We visited the impressive Polin Museum and the remains of the ghetto and it was there the remarkable story of another relation came to life.
Itzhak Suknik (it’s also spelt Sukenik) was 23 when the Warsaw Ghetto Uprising began on 19th April, 1943. Itzhak was part of the main Jewish Fighting Organisation which comprised two groups, the socialist & non-Zionist Bund and the left-wing Zionists (he belonged to the latter). They accounted for around 800 fighters and were based at 18 Mila Street (known as Mila 18). There was also a smaller group of right-wing Zionists who took part in the Uprising. Itzhak had been conscripted into the Polish army and because of this was given a machine gun and various histories of the Ghetto Uprising mention him by name and credit him with the deaths of a number of Nazi soldiers. He also had a nom de guerre, Koza. Koza died on 8th May trying to escape from the Ghetto with half a dozen others through a sewer.
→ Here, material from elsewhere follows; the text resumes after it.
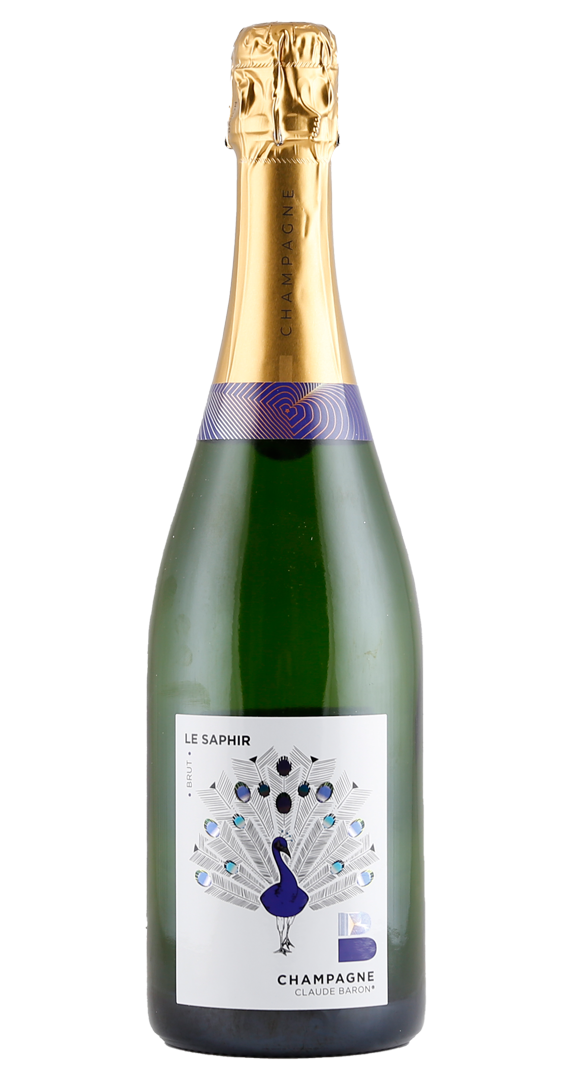 Produktbild zu Champagne Claude Baron Le Saphir Édition animale Brut von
We know they died near Mildowa Street, just outside the Ghetto. That was where we recited our fourth Kaddish.
We also visited the vast Okopwa Jewish cemetery in Warsaw, still functioning today and on the edge of what was the Ghetto. Much of it is overgrown, although a group of local non-Jews (one of whom acted as our guide) work hard to keep it under control. Prominent at the front of the cemetery is the grave of Marek Edelman, a modern day Jewish hero. He was the leader of the Bund in the Ghetto Uprising and managed to escape, working then with the Polish resistance. After the war he became a leading cardiologist in Lodz and an active member of Solidarity. When he died in 2009 his a state funeral was conducted by the Chief Rabbi of Poland.
Deeper into the cemetery we found the grave of another relation, Chana Suknik (a first cousin of Itzhak) who died of typhoid in 1942 age 16. Her grave is in good condition: we discovered another relation (in Sweden) of whom we were unaware pays for its upkeep. That’s where we said our fifth Kaddish.